びんちょうタン 5話

こんな15分にも満たない放映時間なのに、なんて素晴らしいアニメなんだろう。なんで泣けてしまうんだろう。つくづくそう思います。ああ、このままだと放映中原作買いの禁忌を犯してしまいそうだ。
びんちょうタンを始め登場する女の子たちには、それぞれに境遇があって、社会と関わっていて、生活をしている。子どもなのに日々の糧を得るため働いていたり、同年代の子が学ぶ学校に通っていなかったり、貧富の差や困難みたいなものもきちんと描かれているのに、本人も作品としても卑下するでなく、不満を言うでも声高に非難するでもなく、本当にあるがまま今の時間を彼女たちは嬉々として生きていて、作品(ナレーション)はどこまでも温かい。たくましいんじゃない、ただ無垢でいじらしい、彼女たちのそのあまりの屈託なさに、僕らは同情や共感を通り越して、ひたすら好きになる、そう、好きで好きで仕方がないんです。
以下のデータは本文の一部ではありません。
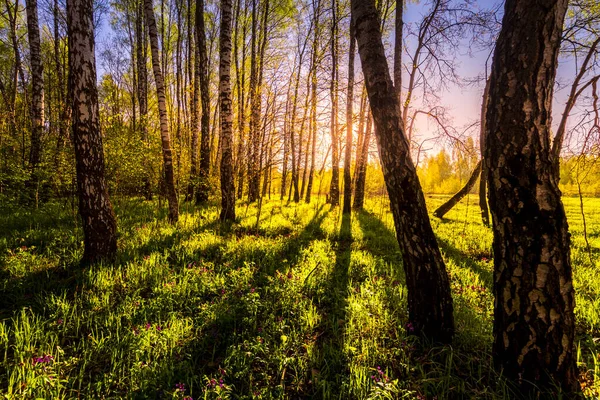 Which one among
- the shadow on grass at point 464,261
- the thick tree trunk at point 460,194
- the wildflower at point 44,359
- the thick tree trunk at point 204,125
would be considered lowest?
the shadow on grass at point 464,261

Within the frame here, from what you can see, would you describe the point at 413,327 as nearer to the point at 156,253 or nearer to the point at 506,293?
the point at 506,293

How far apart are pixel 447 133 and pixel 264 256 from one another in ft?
19.0

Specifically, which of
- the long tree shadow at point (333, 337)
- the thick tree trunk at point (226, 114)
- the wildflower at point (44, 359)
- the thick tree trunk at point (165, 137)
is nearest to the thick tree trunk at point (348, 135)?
the thick tree trunk at point (226, 114)

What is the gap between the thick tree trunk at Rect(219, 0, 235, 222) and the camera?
697 cm

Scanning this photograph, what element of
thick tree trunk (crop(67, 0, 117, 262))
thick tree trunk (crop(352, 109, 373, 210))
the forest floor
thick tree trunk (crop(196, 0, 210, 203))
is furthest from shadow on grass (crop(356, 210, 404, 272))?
thick tree trunk (crop(196, 0, 210, 203))

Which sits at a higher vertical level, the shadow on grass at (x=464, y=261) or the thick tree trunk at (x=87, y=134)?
the thick tree trunk at (x=87, y=134)

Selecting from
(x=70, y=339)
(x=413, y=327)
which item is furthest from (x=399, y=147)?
(x=70, y=339)

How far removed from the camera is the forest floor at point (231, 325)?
2053mm

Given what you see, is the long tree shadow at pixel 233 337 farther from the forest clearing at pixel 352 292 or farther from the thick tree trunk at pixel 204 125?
the thick tree trunk at pixel 204 125

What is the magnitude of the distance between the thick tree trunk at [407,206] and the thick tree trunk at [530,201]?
1.98 ft

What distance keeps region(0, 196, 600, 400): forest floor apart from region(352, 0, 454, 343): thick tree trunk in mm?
313

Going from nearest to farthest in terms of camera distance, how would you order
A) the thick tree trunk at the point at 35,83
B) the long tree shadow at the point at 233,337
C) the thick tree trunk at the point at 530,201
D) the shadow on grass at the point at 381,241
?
the thick tree trunk at the point at 530,201
the long tree shadow at the point at 233,337
the shadow on grass at the point at 381,241
the thick tree trunk at the point at 35,83

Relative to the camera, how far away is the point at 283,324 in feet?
9.32

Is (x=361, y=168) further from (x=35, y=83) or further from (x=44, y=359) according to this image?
(x=35, y=83) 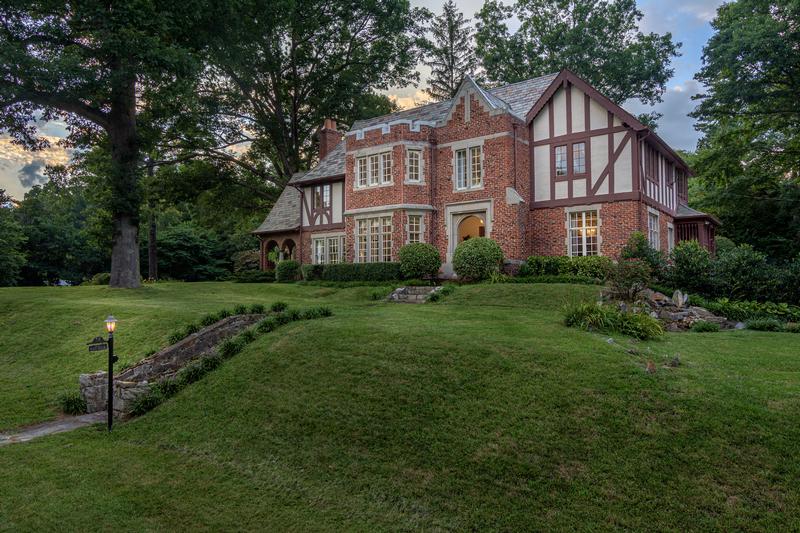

健気に生活し働く姿は無性に微笑ましく、新しくできた友達とその家族に誕生日を祝ってもらって幸せな気持ちになり、せっかく働いて得たお米を道にこぼしてしまえば悲しみが瞬時に身を切るようだったし、そしてこの5話のエピソードでは今までで最も辛い思いをしました。
オープニングで仲が良さそうに振舞っているびんちょうタンクヌギたん。彼女の通う学校の仕事をびんちょうタンがすることになったのだから、きっと今回のエピソードでふたりは仲良くなるのだろうと普通思いますよね? ちくタンと友達になる回のように温かいお話が待っているものと予想するのも、無理からぬところですよね? 
もちろん、びんちょうタンと同じくらいクヌギたんも素直でやさしい女の子。雨の中、自分が乗る馬車が泥をはねてびんちょうタンの服を汚してしまった、そのお詫びにと彼女の元に駆け寄ります。キタコレ!!……って、え、あれ?
クヌギたんの素直な気持ち、びんちょうタンの素直な思い。素直なふたりを結びつけるはずの思いやりなのに、どっちが悪いわけでもなく、どうしようもなくすれ違ってしまう。こんな悲しいことってありますか? こんなやりきれないことってありですか? 
まぁ、こうして書くとミエミエな展開といえなくもありません。でもなんて寒いんだろう、悲しいんだろう、本当仕方がない、もうびんちょうタンを僕は全然対象化できないのですから……。